##### Information supplied #####
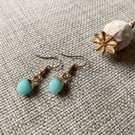 Amazonite & gold plated earrings, PERFECTLY IMPERFECT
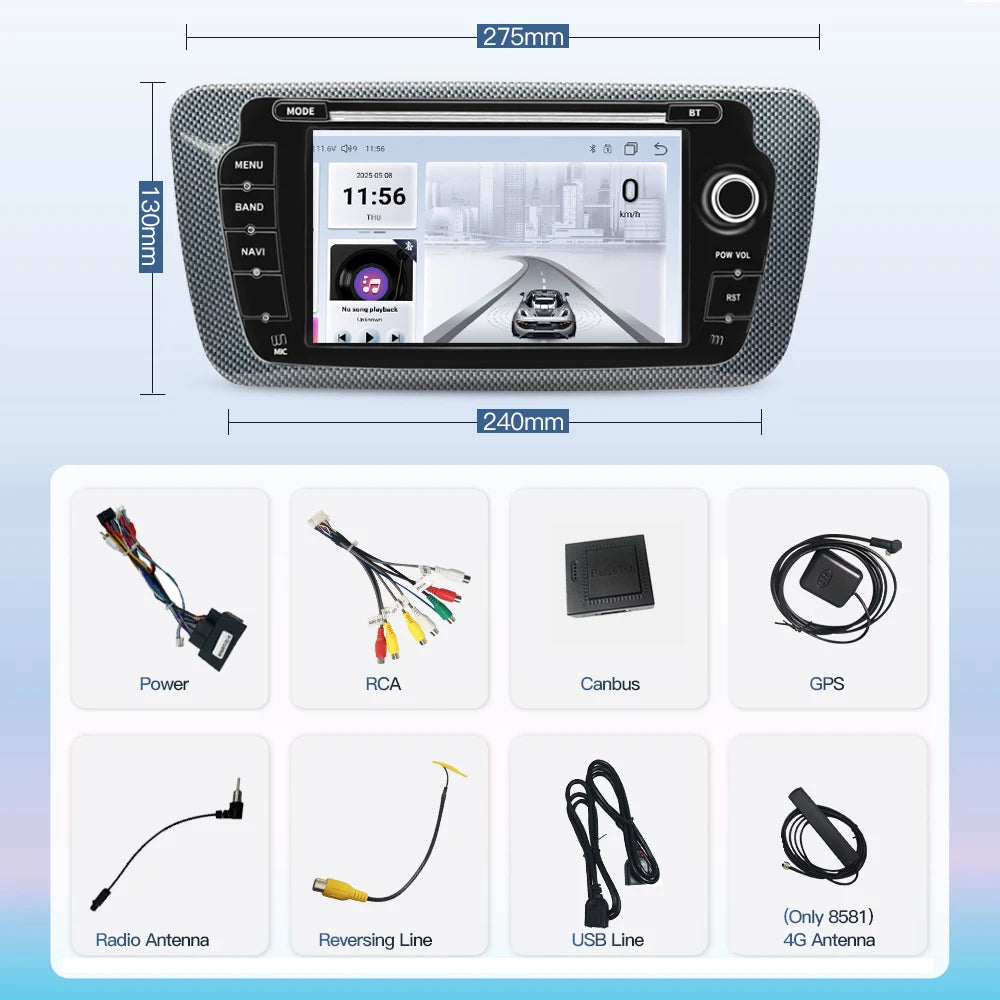 SZLELV 2 Din Car Radio For Seat Ibiza 6J IV4 2009-2013 4G Audio Multimedia Player CarPlay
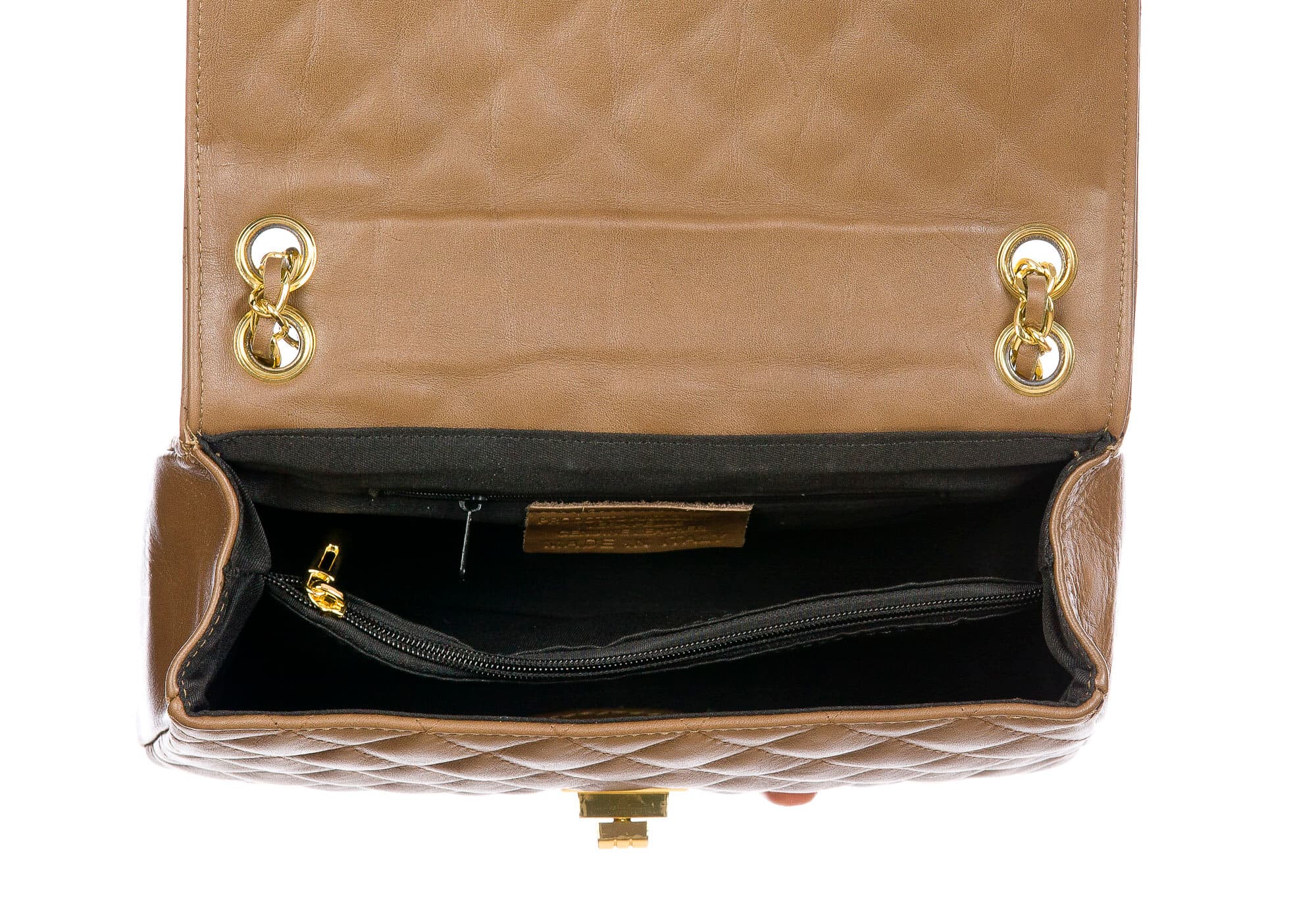 Borsa a spalla da donna in vera pelle CHARLOTTE MEDIUM, colore BEIGE, CHIAROSCURO, MADE IN ITALY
#####
Activity: Leave the pictures out, and print every line of the listing exactly as written.

Reply to the task:
 Amazonite & gold plated earrings, PERFECTLY IMPERFECT
 SZLELV 2 Din Car Radio For Seat Ibiza 6J IV4 2009-2013 4G Audio Multimedia Player CarPlay
 Borsa a spalla da donna in vera pelle CHARLOTTE MEDIUM, colore BEIGE, CHIAROSCURO, MADE IN ITALY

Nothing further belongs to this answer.